Freelance phishers-for-hire are targeting YouTube content providers, hoping to trick victims into downloading cookie-stealing malware so they can to hijack their channels for the purpose of publishing scam content.
Google been disrupting these kind of campaigns since as far back as 2019, according to a new blog post report from the tech and search giant’s Threat Analysis Group (TAG), which notes that there has been a recent resurgence in such activity.
The campaign essentially serves as a double dose of social engineering, experts report. YouTube creators are lured in by the promise of content, revenue and free/promotional products, while viewers of the hijacked channels are potentially defrauded into watching video and livestreams designed to sell cryptocurrency services or other scammer-controlled products.
“These social media and influencer accounts can be very valuable to cybercriminals, as they can be used to abuse the trust followers have to improve the effectiveness of scams or to spread malware,” said Erich Kron, security awareness advocate at KnowBe4. “When a person receives an email or other notification from a trusted content creator, it is far easier to convince them to click on links, make fraudulent purchases or to give up sensitive information about themselves. This is especially true when social media or content creator accounts carry a verified or similar status from the platform.”

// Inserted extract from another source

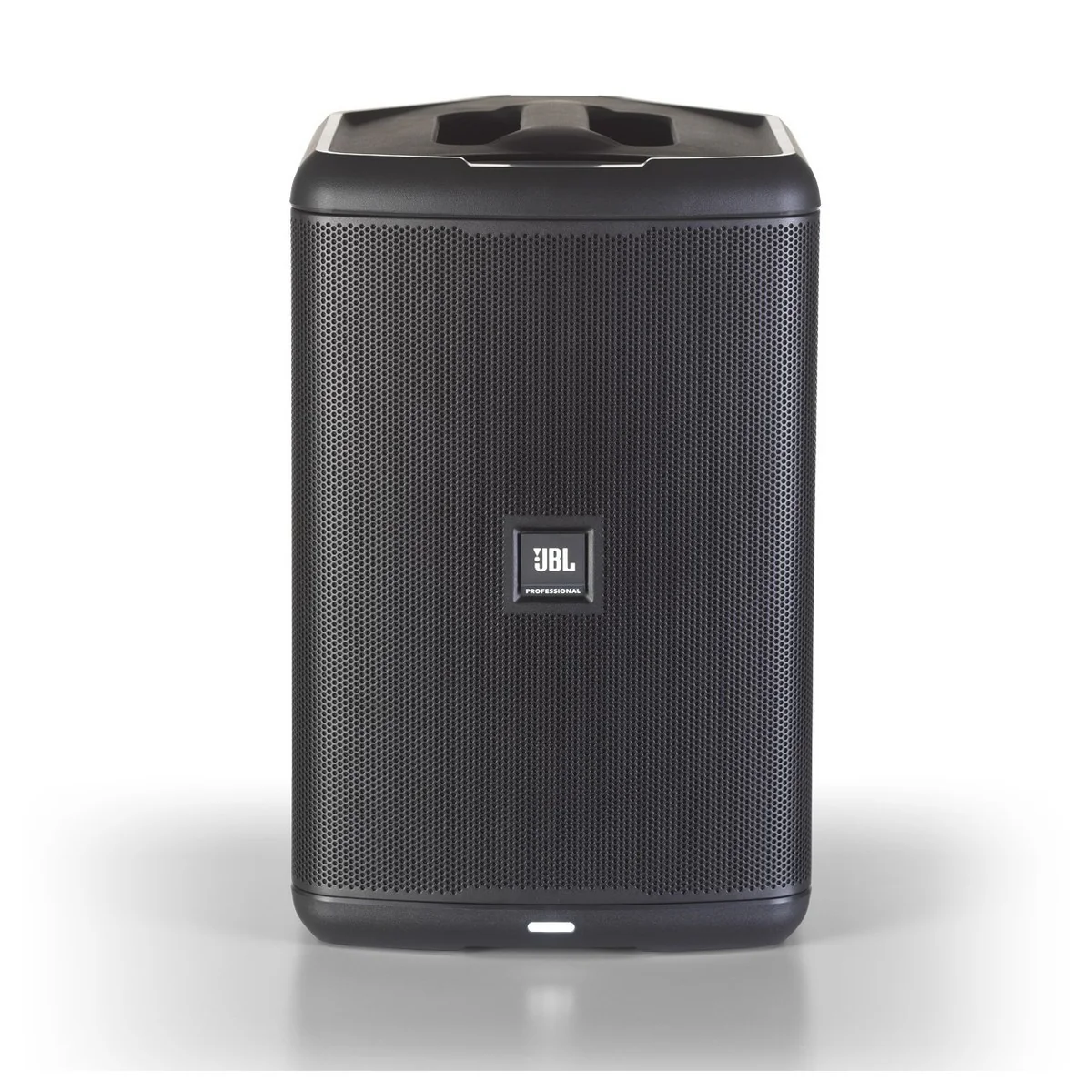 JBL EON ONE COMPACT SISTEMA PA PORTATIL RECARGABLE - Image 21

Google TAG has attributed the campaign to a group of hackers who have been recruited over a Russian-speaking forum to contact YouTube creators — who often publicize their emails for business opportunities — and tempt them with fake collaborations where they can supposedly broadcast demos of anti-virus software, VPNs, music players, photo editing software, online games and other services.
The malicious hackers send the content creators a link to a URL that appears to be a software download website or social media page, but in reality is a malware landing page that’s designed to look as if it belongs to a legitimate brand. “Around 15,000 actor accounts were identified, most of which were created for this campaign specifically,” said the report, authored by Ashley Shen, analyst at Google TAG. “To date, we’ve identified at least 1,011 domains created solely for this purpose. Some of the websites impersonated legitimate software sites, such as Luminar, Cisco VPN, games on Steam, and some were generated using online templates.”
“This particular campaign appears to heavily leverage desire for financial gain/monetary opportunity and incorporates a number of details to appear legitimate — the fake social media pages copied from existing companies, for example,” said Sherrod DeGrippo, vice president of threat research at Proofpoint. “They also appear to be sending benign emails to initiate a conversation with the potential victim. This method of social engineering can build rapport with a potential victim and put them at ease before the attacker sends a malicious link or payload.”
The malware steals cookies and sometimes passwords from the user’s browser, allowing the perpetrators to session-hijack his or her YouTube channel, and then either auction it off or rebrand the page and use it to market impersonated or fraudulent cryptocurrency services (or other scams). Google TAG theorized that the recent uptick in the pass-the-cookie technique could be the result of a “wider adoption of multi-factor authentication (MFA), making it difficult to conduct abuse, and shifting attacker focus to social engineering tactics.”
Examples of commodity or open-source cookie-stealing malware, according to Google, include RedLine, Vidar, Predator The Thief, Nexus stealer, Azorult, Raccoon, Grand Stealer, Vikro Stealer, Masad, Kantal, Sorano and AdamantiumThief. The blog post also noted that hijacked channels’ sales prices ranged anywhere from $3 to $4,000, depending on how many people have subscribed.
Google, which owns YouTube, said that recent improvements designed to protect users against threats like this include better heuristic rules, Safe Browsing, hardened authentication workflows, and hardened channel transfer workflows, which have detected and auto-recovered more than 99% of hijacked channels.